[Stored data]
=-=-=-=-=

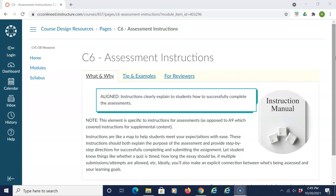These instructions should both explain the purpose of the assessment and provide step-by-step directions for successfully completing and submitting the assignment. Let students know things like whether a quiz is timed, how long the essay should be, if multiple submission attempts are allowed, etc. Ideally, you'll also make an explicit connection between what's being assessed and your learning goals.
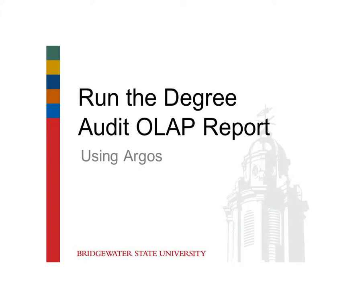This video will demonstrate how to login to Argos and run the Degree Audit OLAP report using your Bridgewater State University credentials.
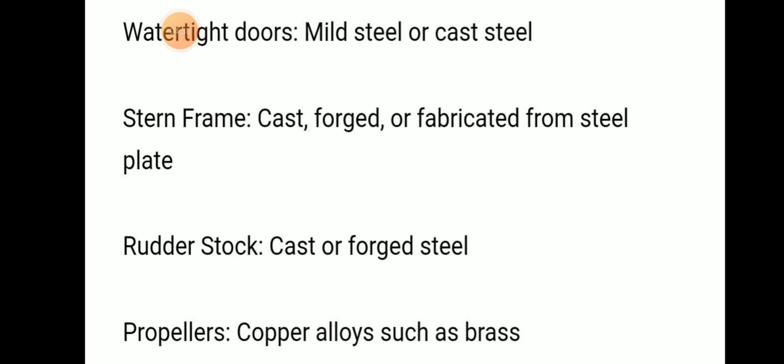For the rudder stock, cast or forged steel is used. For propellers, copper alloys such as brass are used. These are some of the basic materials used for shipbuilding.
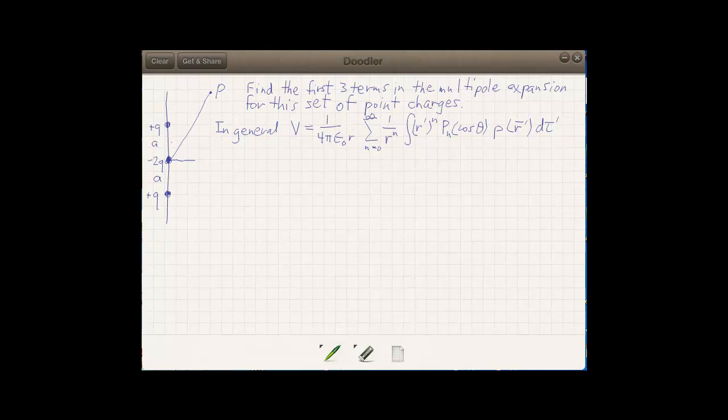What happens if we try to apply the multipole expansion of the electrostatic potential to a collection of point charges instead of an extended charge distribution? Can we do it? The answer is yes, but we first have to look at that expansion and write down the appropriate form for point charges.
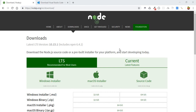Hello everyone. After finishing the intro and taking a look at the final version of the project we will create with React, now it's time to start building, installing React, and start coding our project.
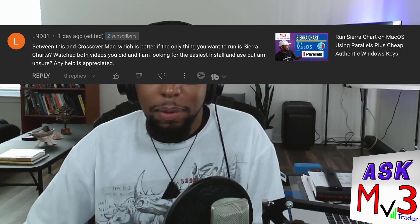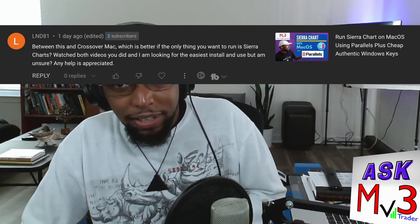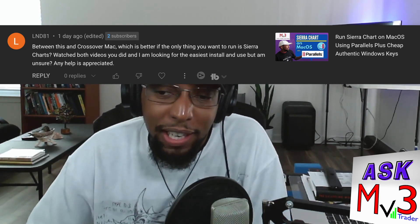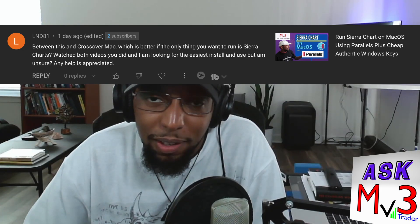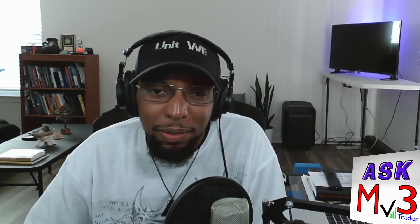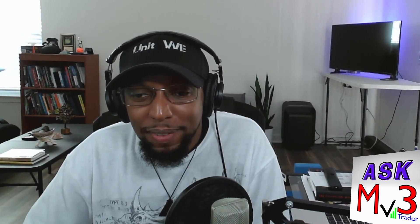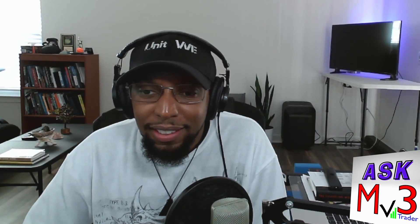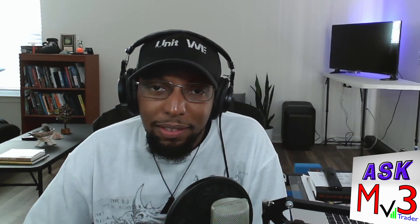If I remember correctly — it's been a while since I did CrossOver Mac — I did have some issues with CrossOver at points, but I don't remember the install being that difficult. In terms of installing, Parallels was easy to install, and I don't remember having too many issues with CrossOver either.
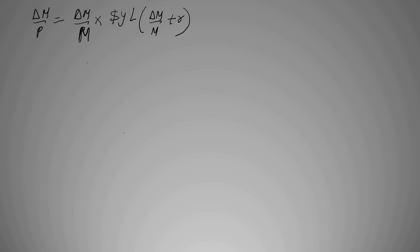We'll be continuing with the last lecture where we derived the formula for seigniorage. This nominal money growth had a positive relation with seigniorage, but at the same time this same variable had a negative relation.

=-=-=-=-=

## Task directions
Your task is to reproduce the entries above word for word, from the first line through the line with "For the rudder", and please leave out any pictures.

## Answer box
These instructions should both explain the purpose of the assessment and provide step-by-step directions for successfully completing and submitting the assignment. Let students know things like whether a quiz is timed, how long the essay should be, if multiple submission attempts are allowed, etc. Ideally, you'll also make an explicit connection between what's being assessed and your learning goals.
This video will demonstrate how to login to Argos and run the Degree Audit OLAP report using your Bridgewater State University credentials.
For the rudder stock, cast or forged steel is used. For propellers, copper alloys such as brass are used. These are some of the basic materials used for shipbuilding.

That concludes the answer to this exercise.